A role for calcium in the regulation of ATP-binding cassette, sub-family C, member 3 (ABCC3) gene expression in a model of epidermal growth factor-mediated breast cancer epithelial-mesenchymal transition

Epithelial-mesenchymal transition (EMT), a process implicated in cancer metastasis, is associated with the transcriptional regulation of members of the ATP-binding cassette superfamily of efflux pumps, and drug resistance in breast cancer cells.
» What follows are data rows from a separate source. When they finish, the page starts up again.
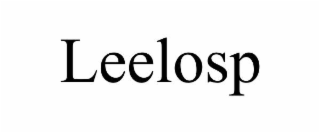 leelosp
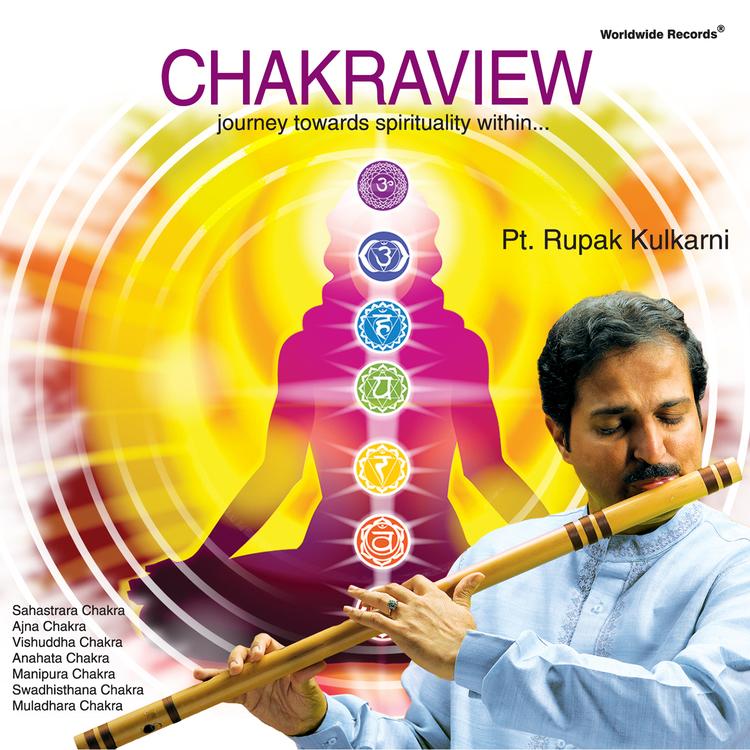 Pandit Rupak Kulkarni's avatar image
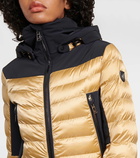 Toni Sailer Caytlyn Splendid padded ski jacket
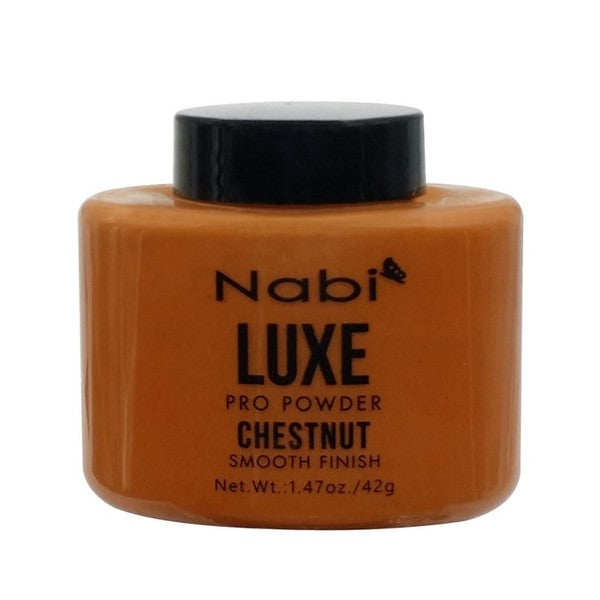 Nabi Pro Powder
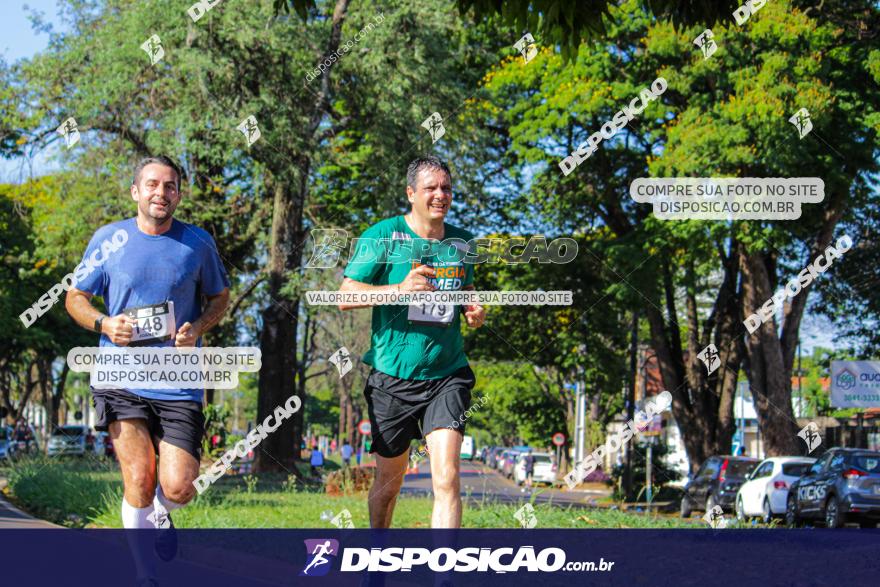 SANTANDER TRACK&FIELD RUN SERIES Maringá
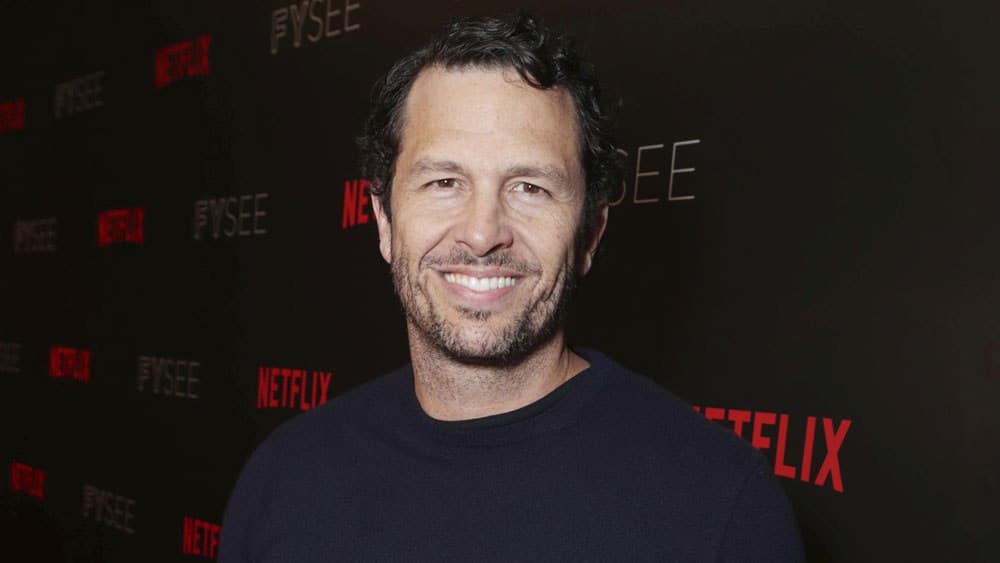 Eric Newman será roteirista e produtor executivo do projeto. Imagem: Netflix/Divulgação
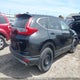 2HKRW2H56JH134825 2018 Honda Cr-V auction photo thumbnail 4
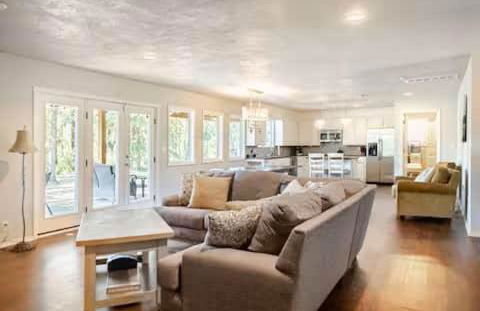 Rolling Oaks Retreat on Eufaula Lake, OK - Foto 7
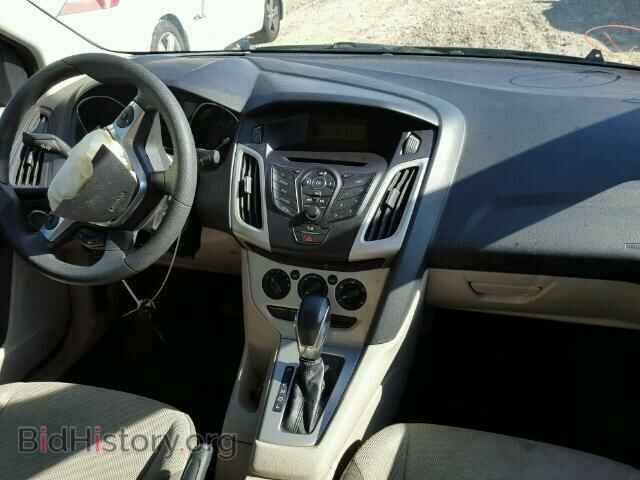 2012 FORD FOCUS - VIN: 1FAHP3F20CL282612 - Photo 9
Epidermal growth factor (EGF)-induced EMT in MDA-MB-468 breast cancer cells is calcium signal dependent. In this study induction of EMT was shown to result in the transcriptional up-regulation of ATP-binding cassette, subfamily C, member 3 (ABCC3), a member of the ABC transporter superfamily, which has a recognized role in multidrug resistance. Buffering of cytosolic free calcium inhibited EGF-mediated ABCC3 increases, indicating a calcium-dependent mode of regulation. Silencing of TRPM7 (an ion channel involved in EMT associated vimentin induction) did not inhibit ABCC3 up-regulation. Silencing of the store operated calcium entry (SOCE) pathway components ORAI1 and STIM1 also did not alter ABCC3 induction by EGF. However, the calcium permeable ion channel transient receptor potential cation channel, subfamily C, member 1 (TRPC1) appears to contribute to the regulation of both basal and EGF-induced ABCC3 mRNA. Improved understanding of the relationship between calcium signaling, EMT and the regulation of genes important in therapeutic resistance may help identify novel therapeutic targets for breast cancer.